I hadn't noted the recent op-ed in the Charlotte Observer about immigration by the president of the NC Farm Bureau.
North Carolina has enacted no laws such as those in Arizona and Alabama, but the rhetoric surrounding those laws has impacted our farming and business communities. Such laws place pressure on N.C. legislators to take similar action. Right now, the Supreme Court is reviewing the Arizona immigration law. Even if the court decides that states can enact such laws, the fact remains that the laws negatively impact state and regional economies. Only a federal fix can solve the problem.
We need look no farther than Georgia and South Carolina to see the effects of such laws. In both states, farmers have cut back on production for fear they will not have enough workers to harvest their crops. The effects of these laws are already spilling over into North Carolina.
The state legislature decided--quite prudently given the legal costs involved--not long ago to wait on the upcoming Supreme Court ruling before doing anything. If the court upholds key parts of the Arizona law, then of course there will be pressure to do the same in North Carolina--odds are very good the Republican-dominated legislature will do so.
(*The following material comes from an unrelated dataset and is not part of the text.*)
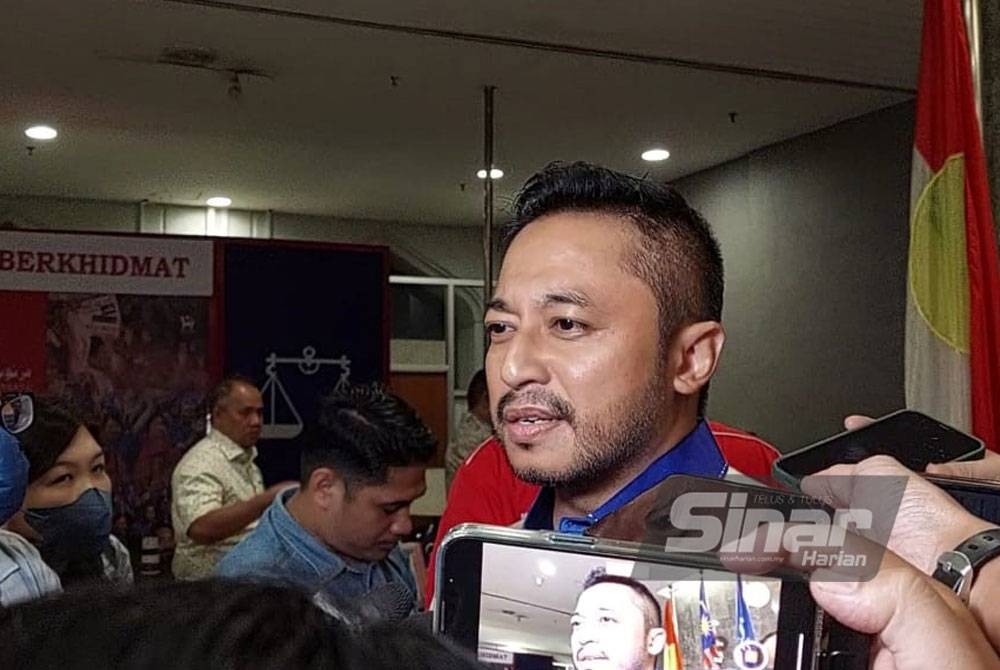 Isham ketika ditemui di lobi Menara Dato Onn, Pusat Dagangan Dunia Kuala Lumpur pada Khamis.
Just because you can, though, does not necessarily mean you should.
At this point, the political backlash is not so much from the Latino electorate, because Latinos constitute only just over 1% of registered voters. Instead, growing concern is coming from farmers and religious leaders. Farms and religion both matter in North Carolina, so a coordinated political strategy targeting individual elected officials is the main way to block such a bill.